• [RECORDS TO PROCESS]:
------------------------------

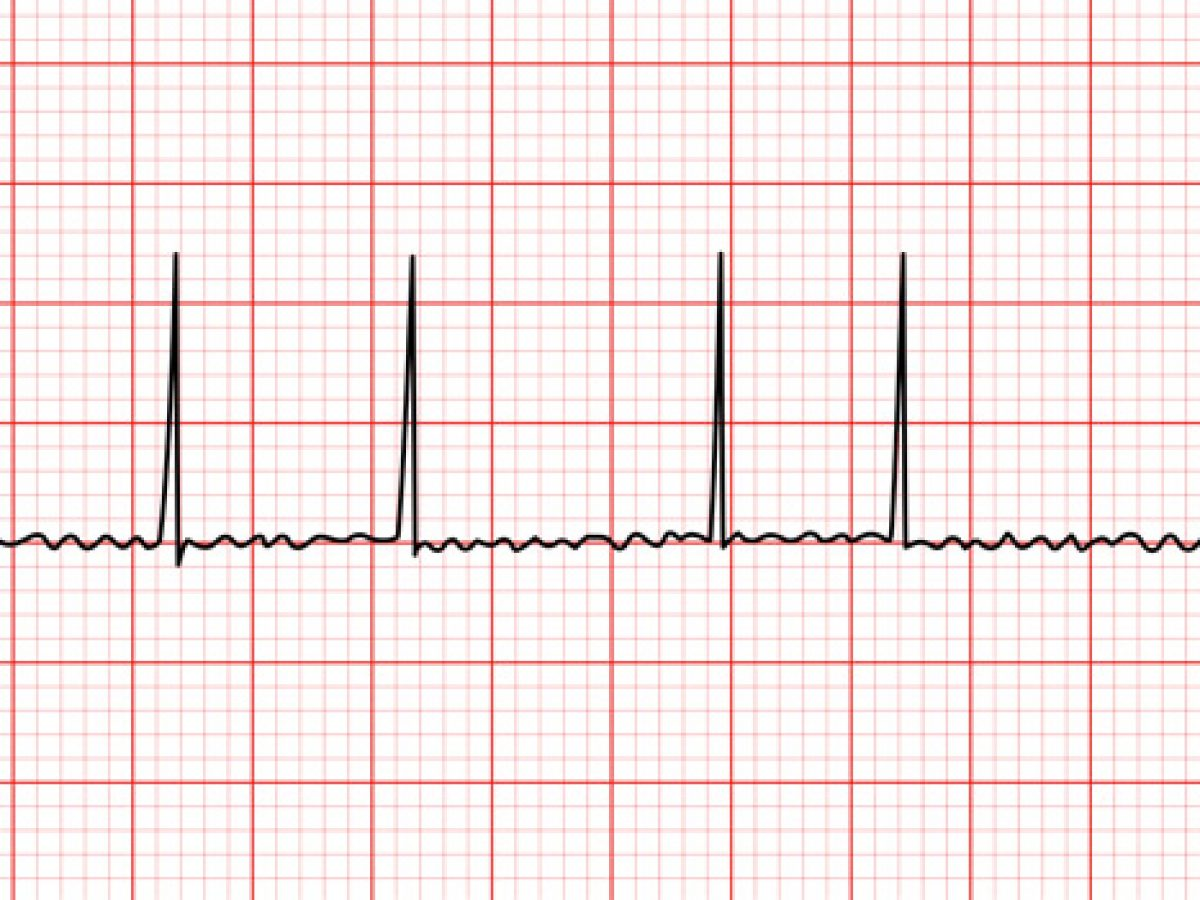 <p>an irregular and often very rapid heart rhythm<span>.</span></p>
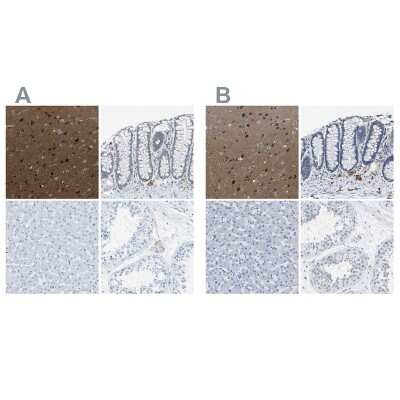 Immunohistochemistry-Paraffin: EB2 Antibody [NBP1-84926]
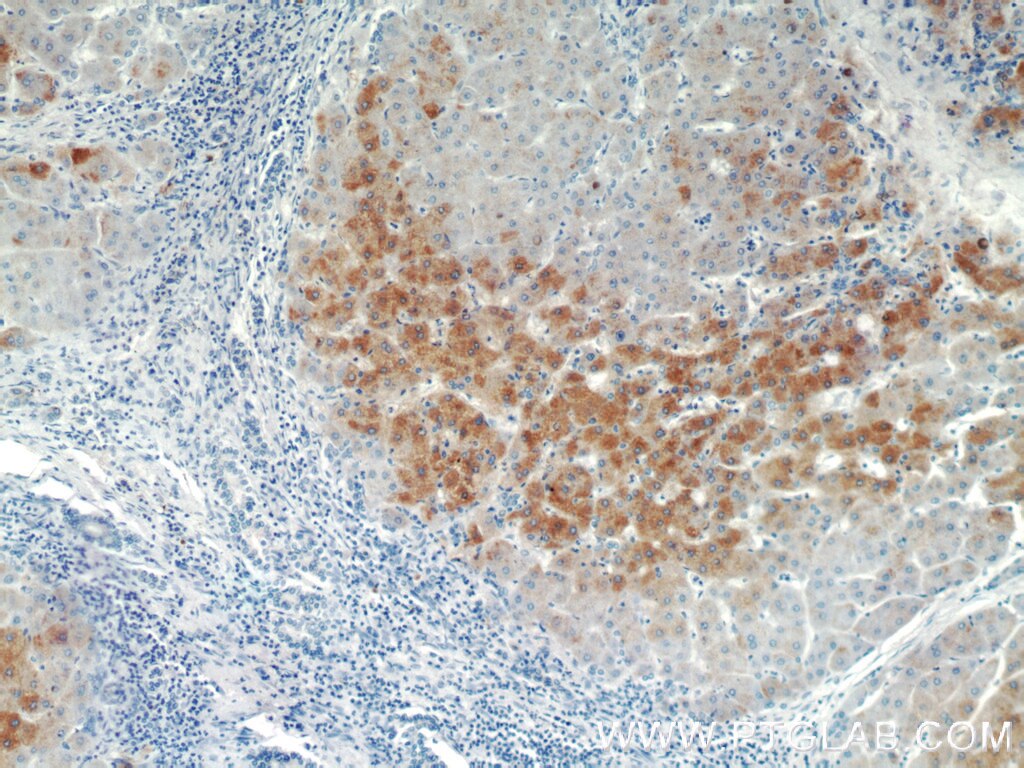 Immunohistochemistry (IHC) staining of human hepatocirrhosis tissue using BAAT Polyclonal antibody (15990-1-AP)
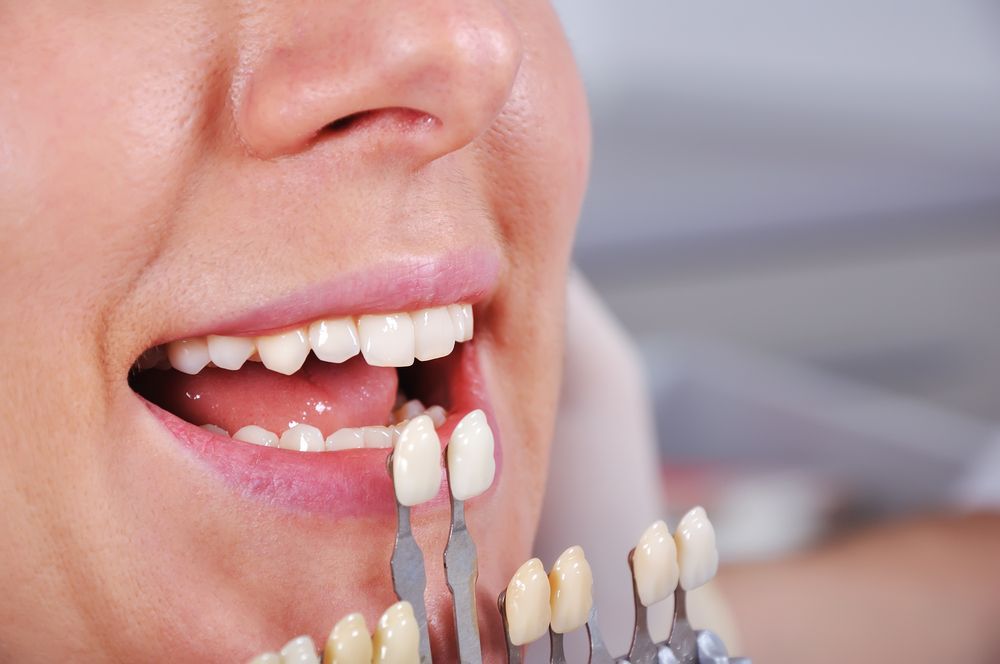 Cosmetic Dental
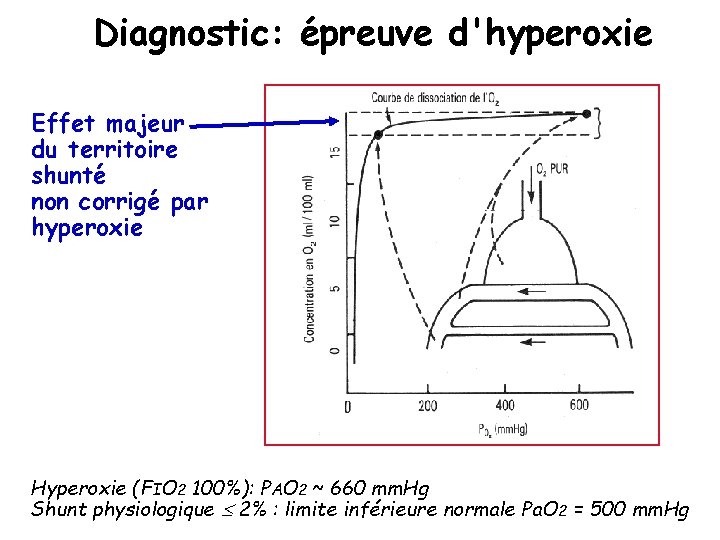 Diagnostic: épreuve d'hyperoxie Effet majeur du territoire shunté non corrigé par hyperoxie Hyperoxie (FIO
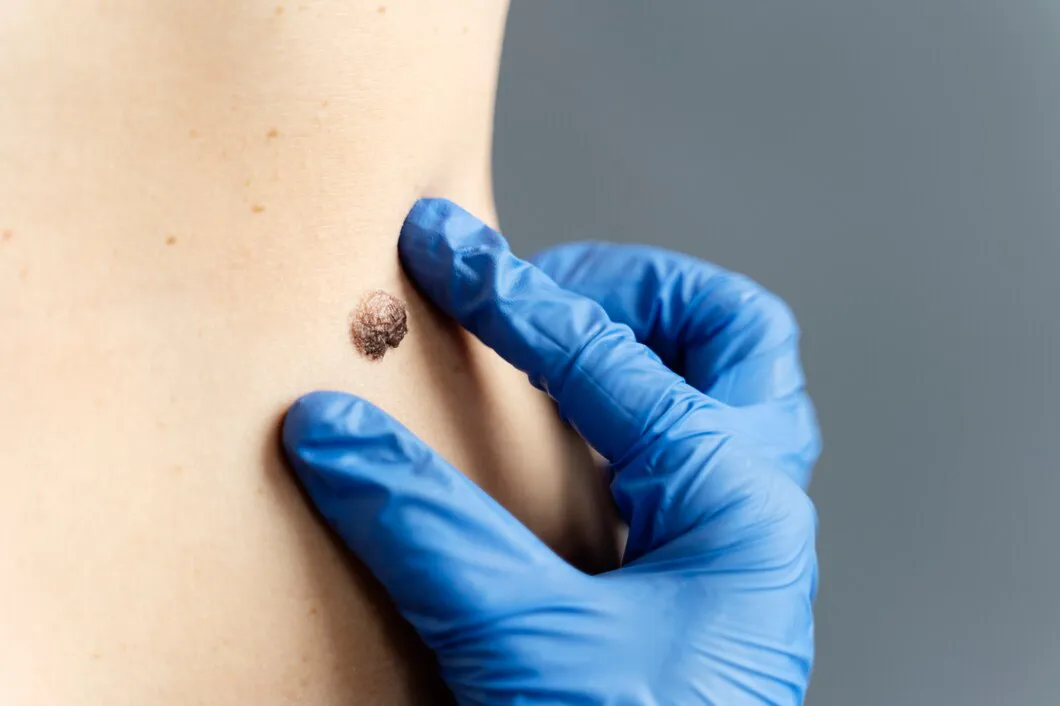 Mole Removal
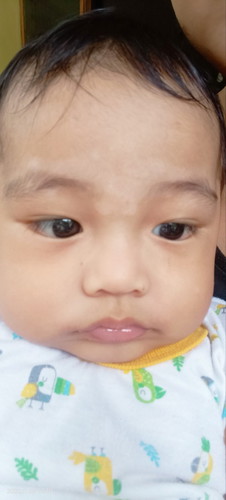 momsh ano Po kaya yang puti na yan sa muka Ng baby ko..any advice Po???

------------------------------

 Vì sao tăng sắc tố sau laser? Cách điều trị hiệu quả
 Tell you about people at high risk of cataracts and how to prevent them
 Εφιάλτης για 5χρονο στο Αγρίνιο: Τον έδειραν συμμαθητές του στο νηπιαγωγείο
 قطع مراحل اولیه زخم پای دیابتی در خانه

------------------------------

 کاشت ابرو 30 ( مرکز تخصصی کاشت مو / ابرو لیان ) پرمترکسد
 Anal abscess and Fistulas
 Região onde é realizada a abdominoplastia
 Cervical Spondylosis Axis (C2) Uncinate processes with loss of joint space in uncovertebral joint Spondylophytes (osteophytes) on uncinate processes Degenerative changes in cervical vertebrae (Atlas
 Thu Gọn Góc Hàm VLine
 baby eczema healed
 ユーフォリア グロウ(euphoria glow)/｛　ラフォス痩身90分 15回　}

------------------------------

• [WORK ORDER]:
Among the entries above, find the line with "Thu Gọn Góc Hàm VLine" and the line with "ユーフォリア グロウ(euphoria glow)/｛　ラフォス痩身90分"; give again exactly these two lines and all lines between them.

• [RESULT OF THIS EXERCISE]:
 Thu Gọn Góc Hàm VLine
 baby eczema healed
 ユーフォリア グロウ(euphoria glow)/｛　ラフォス痩身90分 15回　}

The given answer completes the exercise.